I am trying to optimize a concurrent collection that is trying to minimize read lock lock conflict. In the first pass, a linked list was used, which allowed me to lock records only if many simultaneous readings could continue to unlock. This used a custom IEnumerator to get the following link value. As soon as I started comparing collection iteration with a simple List<T> , I noticed that my implementation was about two times faster (for from x in c select x in a collection of 1 * m * elements, I got 24 ms for List<T> and 49ms for my collection).
So, I thought I would use ReaderWriteLockSlim and donate a bit of read disputes, so I could use List<T> as my internal storage. Since I have to grab the read lock on iterative start and release it upon completion, I first made a yield pattern for my IEnumerable by going through the internal List<T> . Now I was only getting 66 ms .
I looked at the list, in fact, and uses the internal T[] store and a custom IEnumerator that moves the index forward and returns the current index value.
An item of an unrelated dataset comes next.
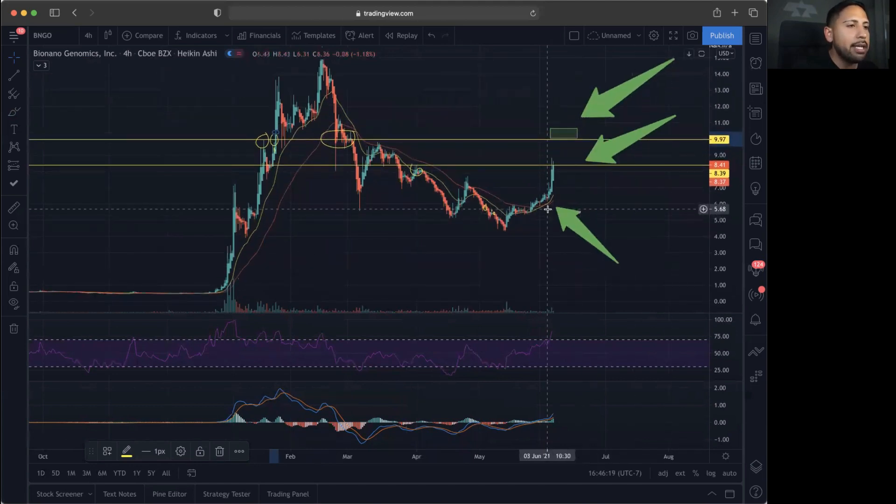BNGO has the 20MA curling above the 50 here and it has not had this in quite a while. They have been consolidating today and I definitely would have BNGO on the watch for the next couple of days to break over that 9.97 mark and have a closed candle close above it to have that nice breakout that we're looking for.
Now, using T[] , as storage means a lot more maintenance work, but wth, I chase microseconds.
However, even imitating IEnumerator , moving the index through the array, the best I could do was ~ 38 ms . So what gives List<T> its secret sauce, or, alternatively, what is a faster implementation for an iterator?
UPDATE: It turned out that my main speed culprit was doing Debug compilation, and List<T> is obviously Release compilation. In the release, my implementation is still slower than List<T> , although now it is mono more soon.
Another suggestion I received from a friend is that BCL is faster because it is in the GAC and therefore can be precompiled by the system. You have to do a test at the GAC to test this theory.